Kabinet in beroep in milieuzaak Urgenda
DEN HAAG (ANP). Het kabinet gaat in beroep tegen de uitspraak van de rechter in Den Haag dat Nederland meer moet doen om de uitstoot van CO2 te verminderen. Tegelijk begint het wel met de uitvoering van het vonnis in de zogenoemde Urgenda-zaak. Dat heeft staatssecretaris Wilma Mansveld (Milieu) dinsdag aan de Tweede Kamer laten weten.
Binnen het kabinet en tussen de regeringspartijen VVD en PvdA bestaat overeenstemming dat het gaat om een zeer principiële zaak waarbij bekeken moet worden of de rechter met zijn vonnis niet op de stoel van de politiek is gaan zitten. Volgens Mansveld zet het kabinet vraagtekens bij de manier waarop de rechtbank het kabinetsbeleid toetst.
De rechter verklaart internationale verdragen tussen landen rechtstreeks van toepassing op de inwoners van Nederland en stelt ambities die landen met elkaar afspreken voor de toekomst vandaag al als ondergrens van zorgvuldig beleid vast, aldus Mansveld.
Het kabinet vraagt daarom het oordeel van een hogere rechter over de manier waarop de rechtbank het begrip ‘zorgvuldigheid’ invult.
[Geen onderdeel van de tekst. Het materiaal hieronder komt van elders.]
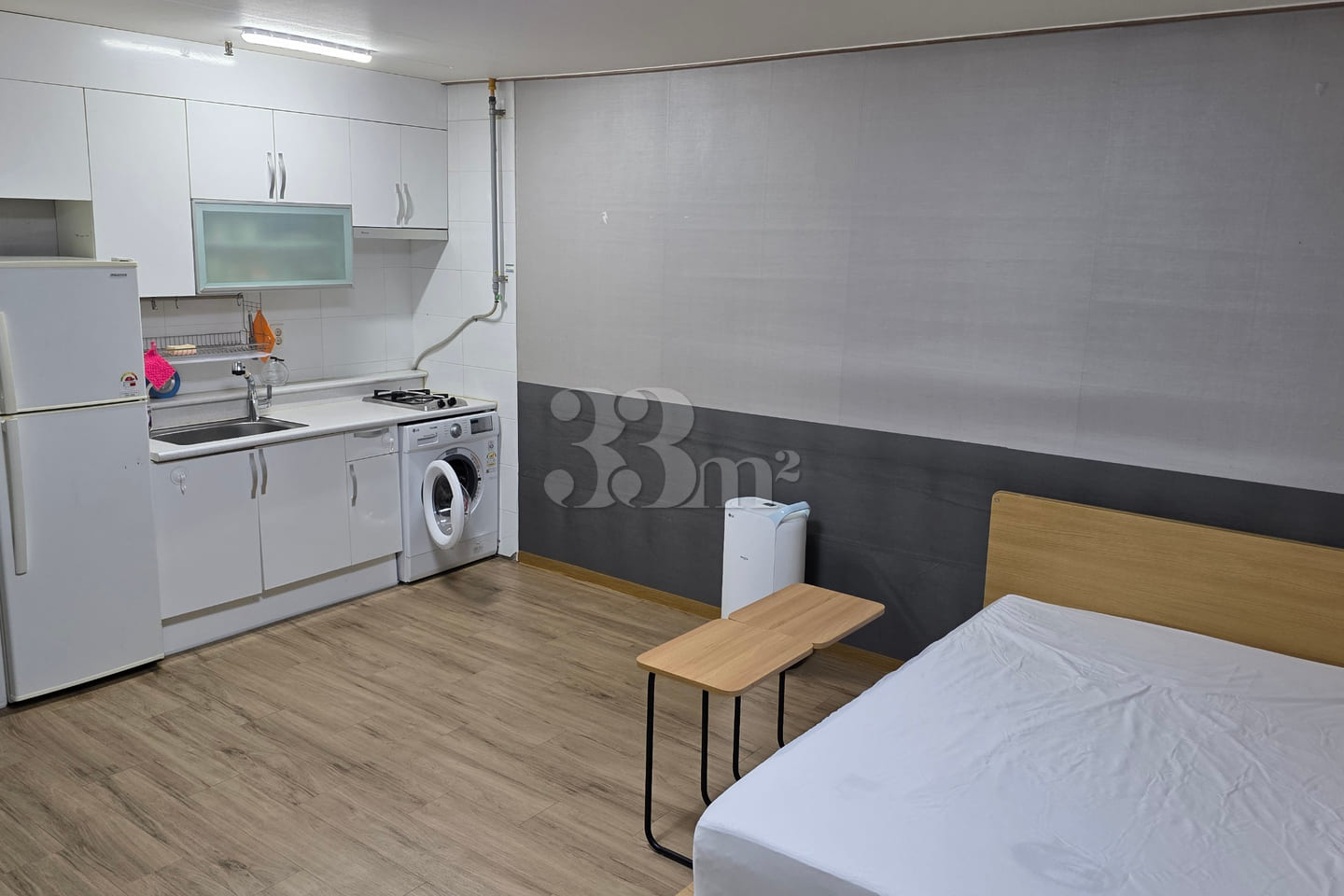 Spacious, fully-furnished room near Seoul Sta 1th image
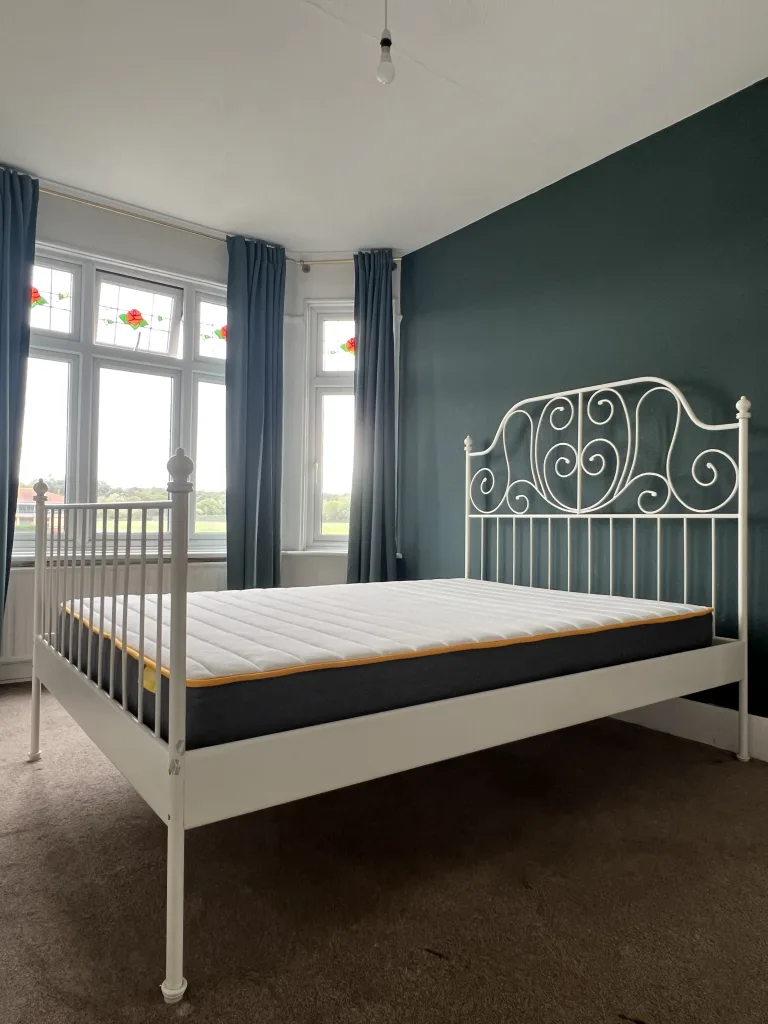 4 bedroom semi-detached house for rent
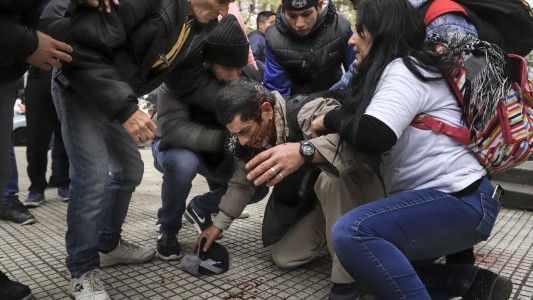 Tensión en la 9 de Julio en el acampe de las organizaciones sociales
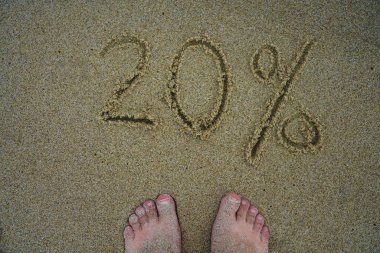 kum - 20 yüzde yirmi, - eksi % 20, üzerinde yazıt yirmi kumla dalga deniz üzerinde yazıt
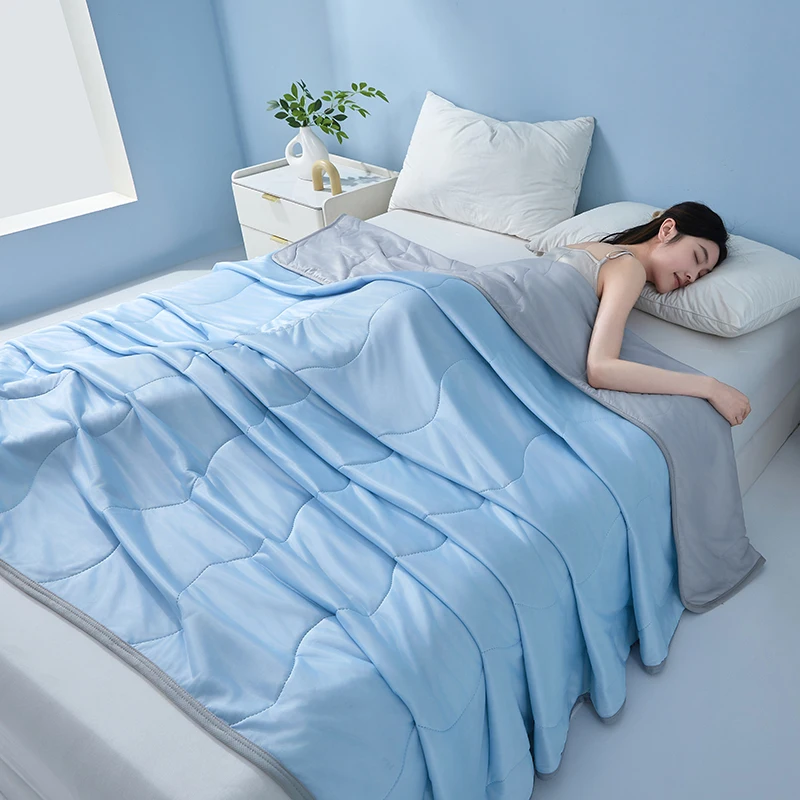 Wave Rider – Wave-Pattern Cooling Quilt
Mogelijk zal het kabinet tot aan de Hoge Raad doorprocederen.
Dat neemt niet weg dat er wel een rechterlijke uitspraak ligt en dat hoger beroep geen opschortende werking heeft. Daarom wordt al wel begonnen met de uitvoering van het vonnis en worden extra milieumaatregelen voorbereid.
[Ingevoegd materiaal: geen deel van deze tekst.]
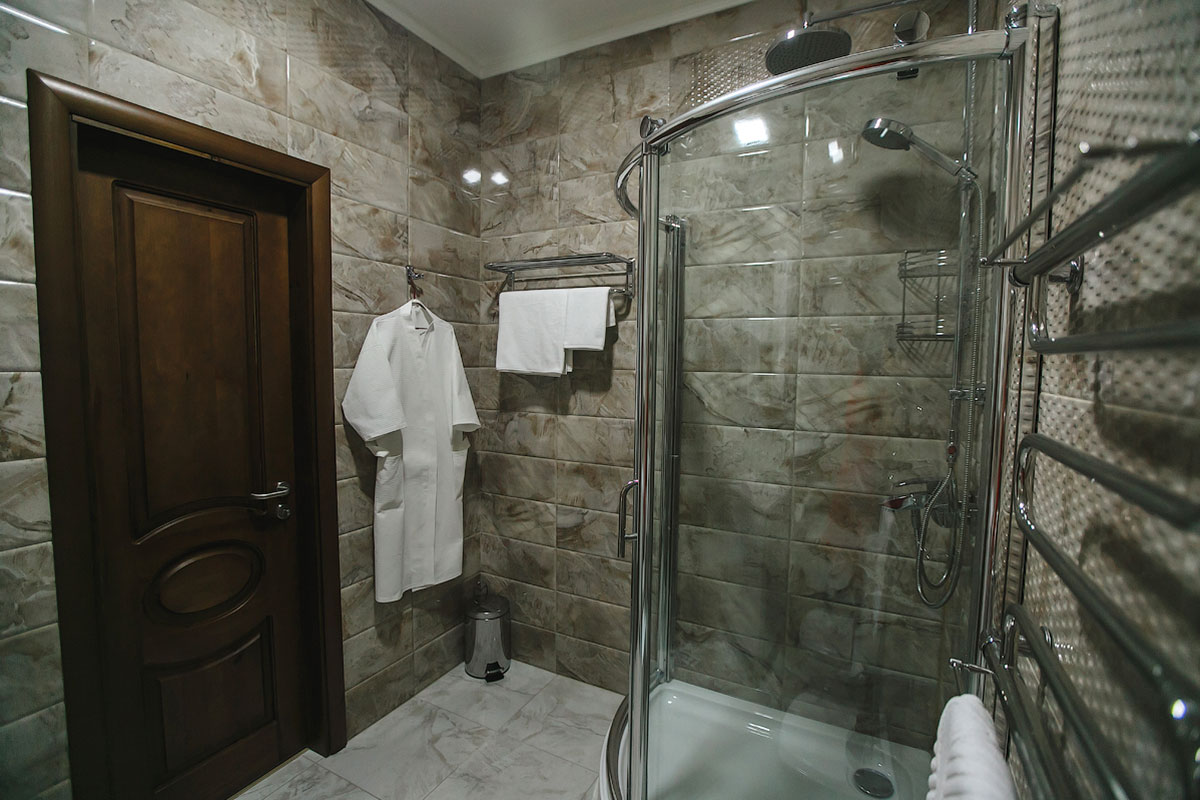 suite 13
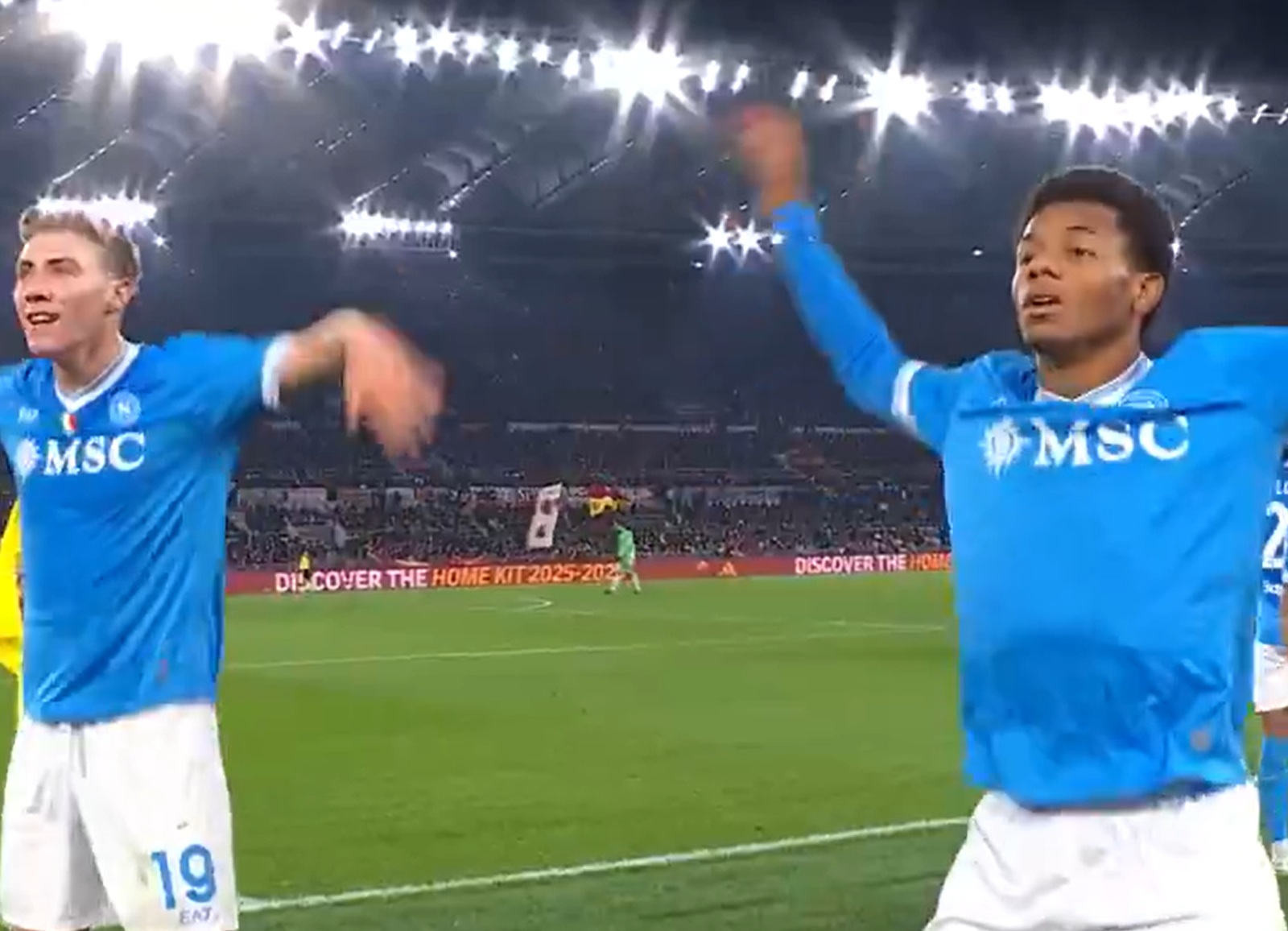Napoli podbiło Rzym! Co za kontra, co za gol [WIDEO]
De zaak tegen de Staat werd aangespannen door klimaatorganisatie Urgenda, samen met bijna negenhonderd mede-eisers. De Haagse rechtbank oordeelde eind juni dat de Nederlandse overheid ervoor moet zorgen dat in ons land de uitstoot van het broeikasgas CO2 in 2020 met zeker 25 procent is teruggedrongen ten opzichte van het jaar 1990.
Volgens de rechter heeft de Staat een zorgplicht voor de bescherming en verbetering van het leefmilieu. De rechter zei dat in Nederland de CO2-reductie volgens het huidige beleid onder de 17 procent zou blijven.